The intensity of the protests in California also raises questions about why officials there did not make the less difficult decision of maintaining or increasing enrollments without raising tuition fees, or raising them modestly. This is a strategy that more public and institutional officials across the country and around the world should consider as they deal with continuing shortfalls in public funding for higher education.
To understand fully the decision calculus, it is helpful first to recognize that those who run educational systems and institutions at all levels face serious challenges in responding to cutbacks in government funding. And we need to understand that public higher education officials have more options in addressing these challenges than do public school system administrators.
For school systems, government is typically the principal source of revenues accounting for almost all of their budgets. Moreover, new students often are seen as a drain on resources as any growth in students typically is not matched by more public funds. This is especially true during recessions when governments have much more trouble meeting the many demands on their resources.This explains why public school systems must increase class sizes, cut programs and/or reduce staffing in response to government cutbacks in funding.
Public higher education systems and institutions share this characteristic with public school systems – namely, increases in government funds are unlikely to match the growth in the number of students during recessions when government resources are strained.
But in two other critical respects, the economics of public higher education are strikingly different from the pressures that engulf public school systems. One is that public higher education has a major revenue source that public school systems do not – tuition fees. This means that increases in enrollments at public colleges and universities will result in more revenues that may or may not offset the reductions in government funding.
The other related difference is that enrollment in higher education is not compulsory and enrollment trends are far more variable than for public school systems, where at least in the short term the number of students varies within a relatively small range. Enrollments in public higher education, by contrast, tend to swell during recessions as job prospects are much more limited and more people decide to go back to school rather than stand in the unemployment lines. The question and the challenge for public higher education officials is whether this enrollment growth is viewed as an opportunity or a burden.
These economic realities also lead to two common misunderstandings about how public higher education is financed.
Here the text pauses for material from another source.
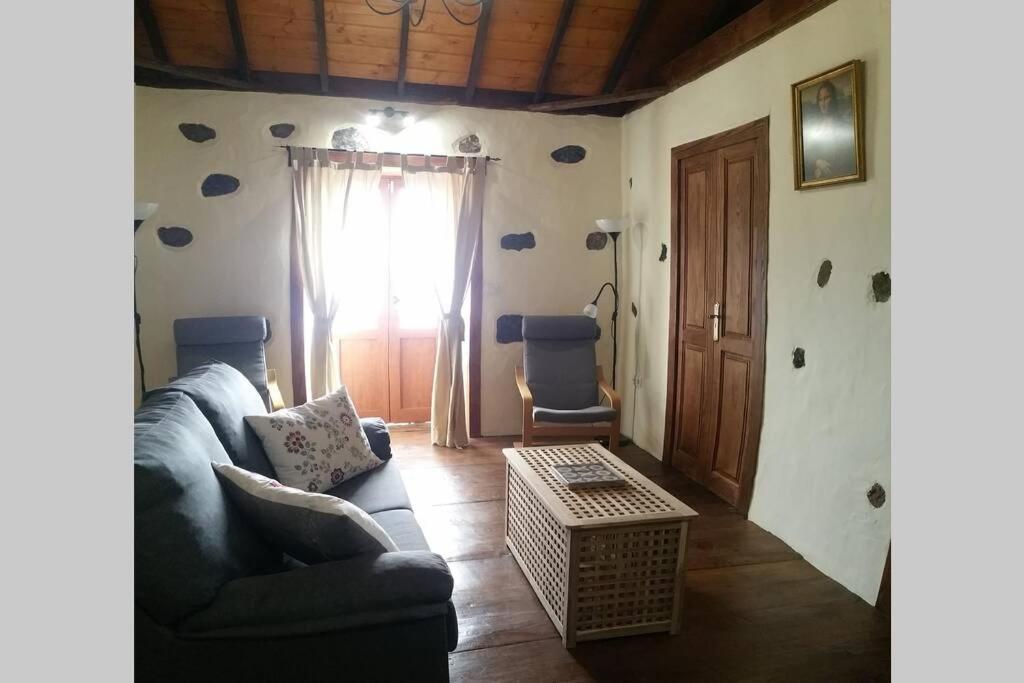 "Villa Servanda " - Relax, Nature, Wide Views Of The Sea And A Starry Sky Puntagorda Kültér fotó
One has to do with the relationship between spending per student and enrollments. How much institutions spend per student often is regarded as a relatively fixed amount of money. As a result, not enough attention is paid to the effect that changes in enrollment can have on per-student spending figures. For example, rapid enrollment increases brought about by recessions tend to drive down spending per student, as tuition fee revenues do not increase enough to offset the slowdown in government funds.
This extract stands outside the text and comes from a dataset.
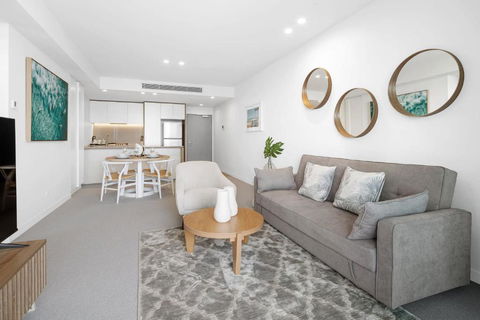 CASSA SIGNATURE - Luxury Apartments Managed By The Cassa - Lennox Head Accommodation 3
The other misunderstanding that clouds the public discourse on cost recovery is that the debate typically focuses on how tuition fees may affect demand -- namely, that the lower the price, the more that people will demand to enroll. But the reality is that tuition fees do not just reflect demand. They are also key in defining supply – the lower the fees, the fewer seats can be provided at any given level of government funding. Conversely, higher fees will produce more seats for any given level of public funding. The traditional (over)emphasis on demand considerations contributes to the view that lower fees will result in more access. But the data suggest the opposite – countries that charge higher fees often have higher levels of participation because of the larger number of seats that are made available.
Four Options
With these economic realities as context, let’s recognize that four basic strategies are available to public higher education officials in dealing with government cutbacks.
One of the four – capping enrollments and cutting costs – is revenue-neutral or -reducing.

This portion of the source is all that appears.